Se uno degli obiettivi della riforma dell’ordinamento giudiziario – approvata dalla Camera qualche giorno fa e a breve all’esame del Senato – è di recidere il cordone ombelicale, come lo ha definito il vice-presidente del Consiglio Superiore della Magistratura on David Ermini, tra le correnti dell’Associazione Nazionale Magistrati e lo stesso Csm, è agevole constatare che le nuove disposizioni non solo non contrastano il correntismo, ma rischiano in concreo di rafforzare ulteriormente le correnti medesime.

Si consideri quanto la riforma prevede per il sistema di elezione dell’organo di autogoverno della magistratura.
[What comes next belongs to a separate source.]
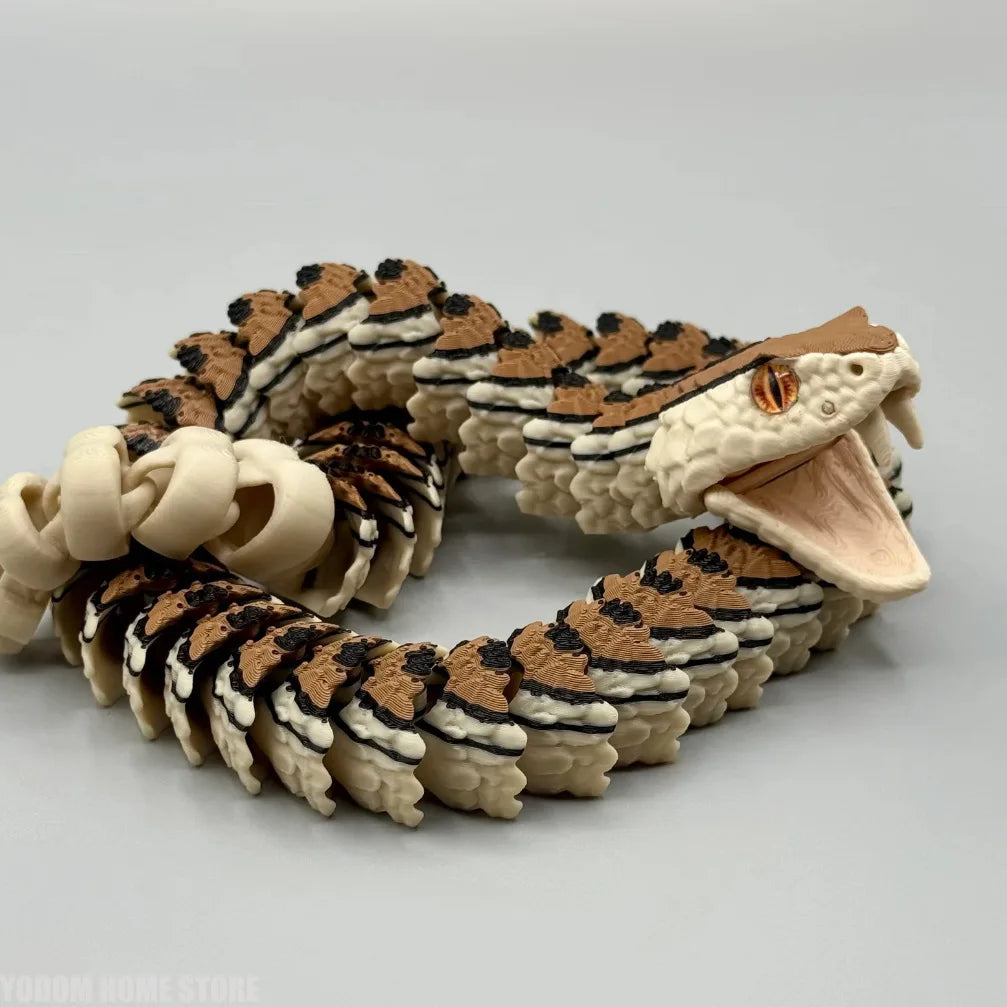 3D Printed Rattlesnake with Teeth Multi-jointed Movable Home Decor Kids Halloween Scare Desk Accessory Delicate Design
Accanto a due collegi unici nazionali – riservato l’uno per eleggere due magistrati che svolgono effettivamente funzioni di legittimità in quanto destinati alla Corte di Cassazione e alla Procura Generale della Suprema Corte, e l’altro per eleggere cinque giudici di merito – vengono introdotti due collegi elettorali territoriali per l’elezione di cinque p.m. e quattro collegi territoriali per l’elezione di otto giudici.

È evidente che l’aver privilegiato una dimensione meramente quantitativa rende altamente difficile, se non impossibile, la presentazione di candidature al di fuori delle designazioni correntizie. Con un meccanismo così congegnato, il solo elemento in grado di competere e di vincere resta l’appartenenza e l’appoggio della corrente: non l’autorevolezza professionale, che può essere spesa unicamente in ambiti territoriali ristretti, al cui interno rileva il rapporto personale.
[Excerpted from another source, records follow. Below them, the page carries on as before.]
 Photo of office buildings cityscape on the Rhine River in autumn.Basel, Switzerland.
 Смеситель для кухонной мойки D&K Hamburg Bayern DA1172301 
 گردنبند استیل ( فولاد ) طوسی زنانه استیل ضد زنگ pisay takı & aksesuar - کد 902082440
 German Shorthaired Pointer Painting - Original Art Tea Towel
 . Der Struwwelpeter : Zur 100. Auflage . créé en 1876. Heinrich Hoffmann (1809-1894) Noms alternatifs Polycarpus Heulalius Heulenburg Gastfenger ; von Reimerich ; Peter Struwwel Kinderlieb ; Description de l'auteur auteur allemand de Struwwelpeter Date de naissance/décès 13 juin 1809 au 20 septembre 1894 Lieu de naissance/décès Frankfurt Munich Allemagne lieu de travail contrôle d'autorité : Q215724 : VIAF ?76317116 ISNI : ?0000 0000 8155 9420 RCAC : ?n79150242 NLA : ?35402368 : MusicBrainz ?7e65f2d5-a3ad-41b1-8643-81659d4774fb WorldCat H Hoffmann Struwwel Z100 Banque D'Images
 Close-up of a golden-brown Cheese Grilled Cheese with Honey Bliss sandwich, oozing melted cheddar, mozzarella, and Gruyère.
La riforma legittima pure il carrierismo, che della patologia correntizia costituisce una delle manifestazioni più insidiose. Lungi dal rendere oggettivi i criteri di designazione dei magistrati destinati a ricoprire incarichi direttivi e semidirettivi, si prevede, ancora una volta, di attribuire rilievo decisivo alle cosiddette attitudini, dal contenuto assai variamente modulabile a seconda dei candidati, mortificando il criterio, meno manipolabile, dell’anzianità con merito.

Ora, che vi sia la necessità di rendere più attendibili e serie le valutazioni di professionalità dei magistrati è dato indiscutibile. Lo è assai meno ritenere di poter risolvere la questione mediante l’introduzione, come fa la riforma, di un fascicolo personale, la cui gestione appare strutturalmente poco trasparente, al di là della propensione di chi di volta in volta quel fascicolo concorrerà a formare. Il fascicolo è peraltro destinato a svolgere un ruolo decisivo sia per le valutazioni di professionalità, cioè per gli avanzamenti di carriera, sia per il conferimento degli incarichi direttivi e semidirettivi, e non è detto né da chi viene gestito né come viene alimentato, con il rischio di legittimare un’attività di dossieraggio strumentale.
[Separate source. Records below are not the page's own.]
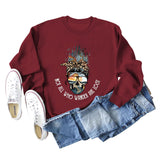 NOT ALL WHO WANDER ARE LOST Crew Neck Leopard Letter Long Sleeve Sweater Girl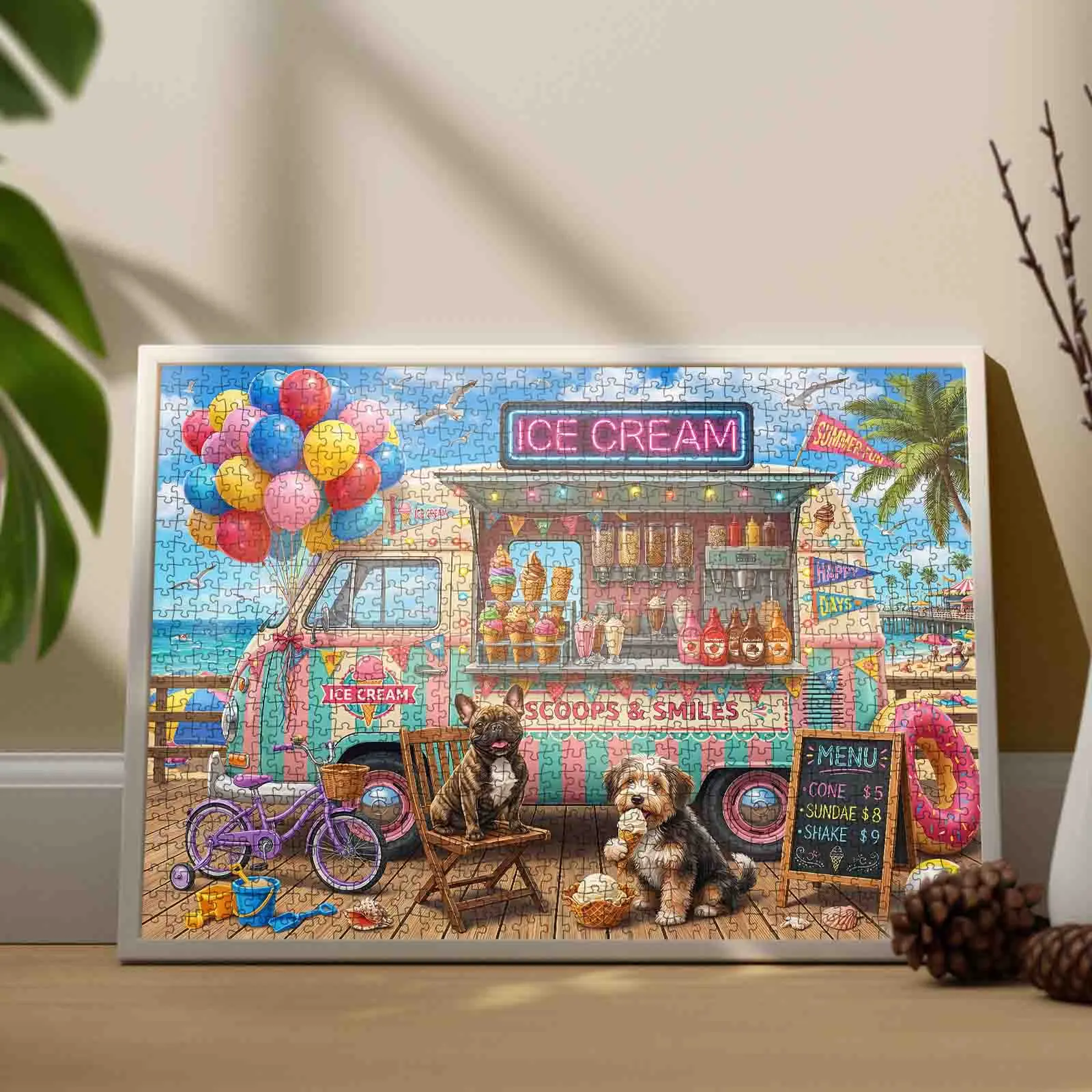 Beach Ice Cream Truck 1000 Pieces Jigsaw Puzzle, Colorful Coastal Ice Cream Van with Cute Dogs Balloons and Summer Boardwalk Artwork, Challenging Brain Game for Adults Family Fun Stress Relief Gift Wall Decor 27.5x20inch 70x50cm
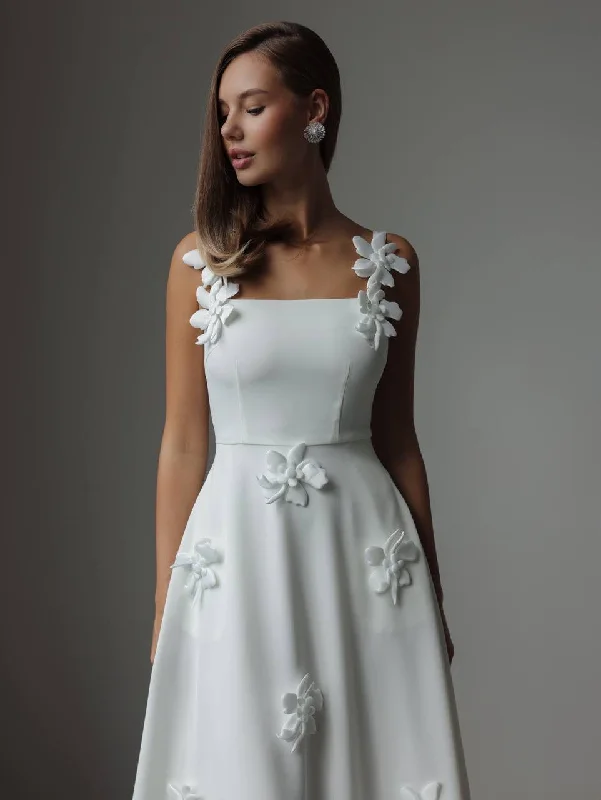 Final Sale White Floral Appliqué Midi Dress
L’effetto complessivo dell’intervento promosso dal Governo sembra essere quello di porre in pericolo l’indipendenza interna del magistrato, ovvero la sua impermeabilità rispetto a condizionamenti derivanti o dal potere, inalterato, delle correnti e di gruppi di potere, e/o da quello dai capi degli uffici. L’esatto contrario del modello di magistrato che l’attuale crisi della giurisdizione reclamerebbe, e soprattutto che i cittadini si attendono.